- Opening Delimiter -

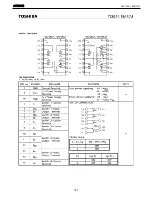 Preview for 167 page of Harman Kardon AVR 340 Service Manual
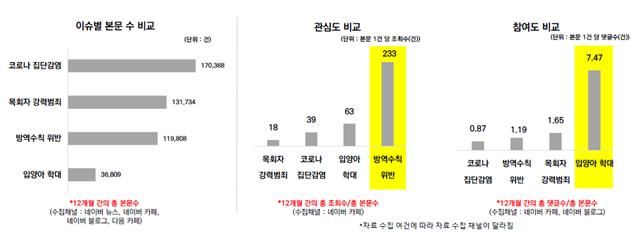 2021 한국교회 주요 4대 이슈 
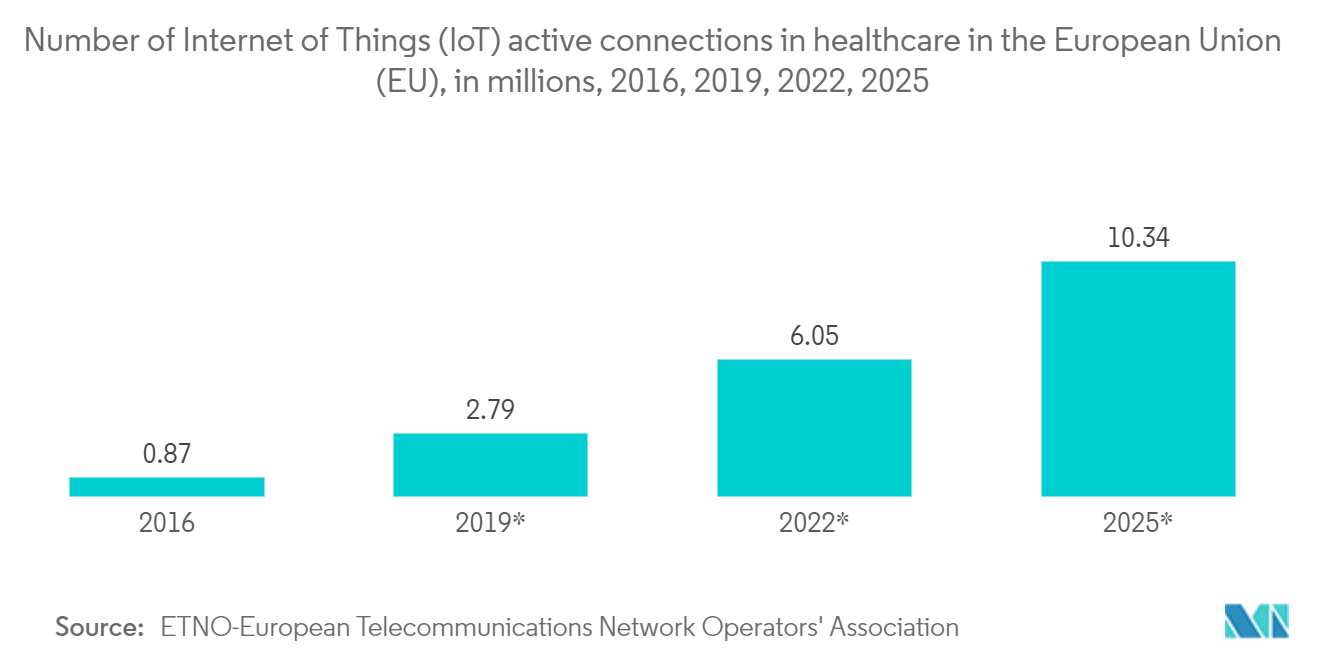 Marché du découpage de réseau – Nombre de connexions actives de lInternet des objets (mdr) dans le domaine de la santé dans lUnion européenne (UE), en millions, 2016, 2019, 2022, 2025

- Closing Delimiter -
- Opening Delimiter -

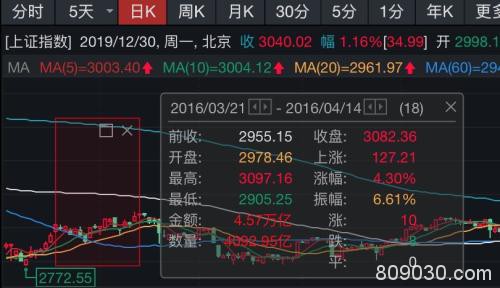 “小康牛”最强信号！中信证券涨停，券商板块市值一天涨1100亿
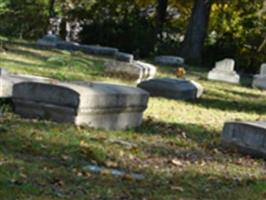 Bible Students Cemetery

- Closing Delimiter -
- Opening Delimiter -

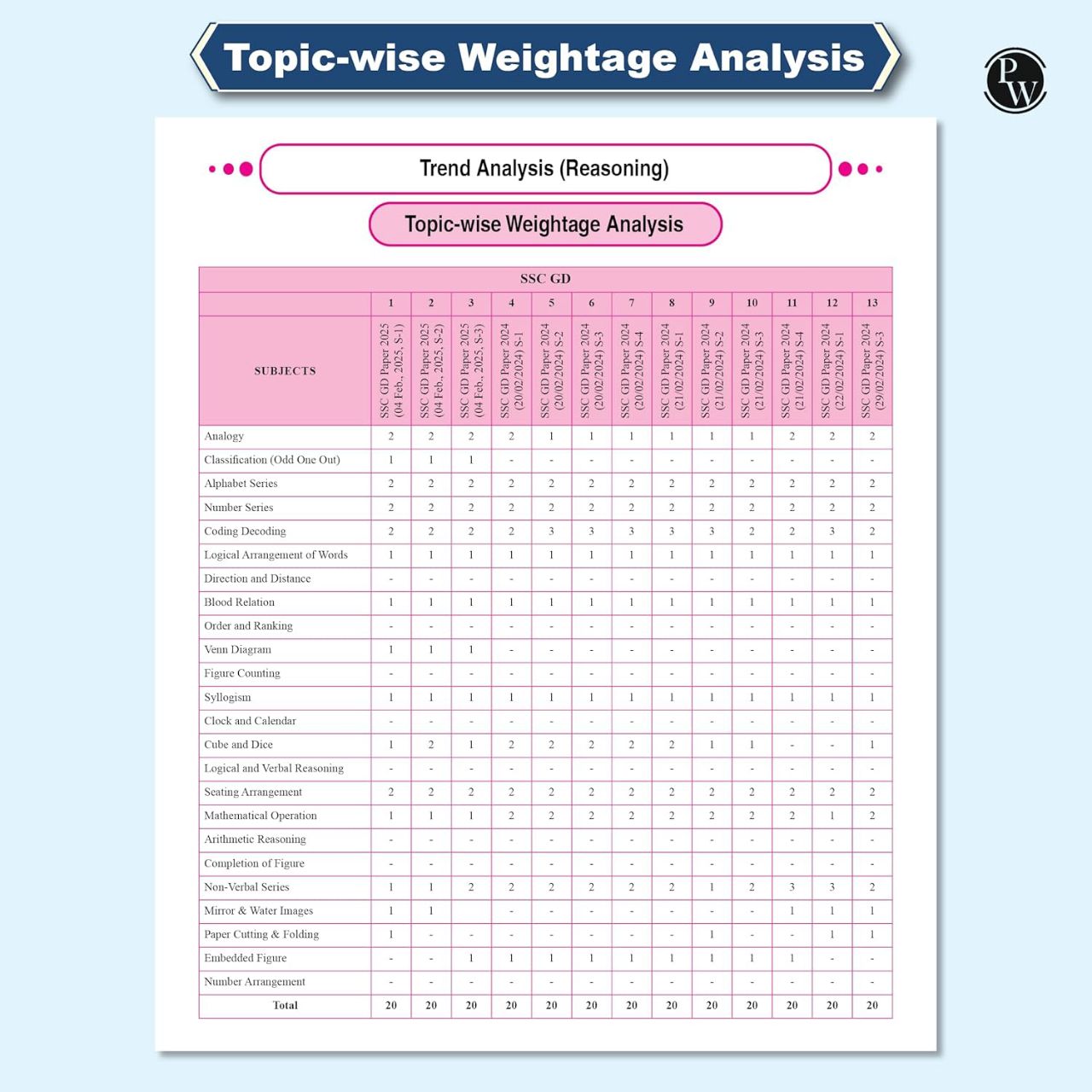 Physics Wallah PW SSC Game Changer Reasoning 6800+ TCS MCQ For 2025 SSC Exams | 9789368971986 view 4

- Closing Delimiter -

> [TASK DIRECTIONS]:
Exact copy, pictures excluded: from the line with "Preview for 167" up to and including the line with "Marché du découpage" in the data above.

> [SOLVED EXERCISE]:
 Preview for 167 page of Harman Kardon AVR 340 Service Manual
 2021 한국교회 주요 4대 이슈 
 Marché du découpage de réseau – Nombre de connexions actives de lInternet des objets (mdr) dans le domaine de la santé dans lUnion européenne (UE), en millions, 2016, 2019, 2022, 2025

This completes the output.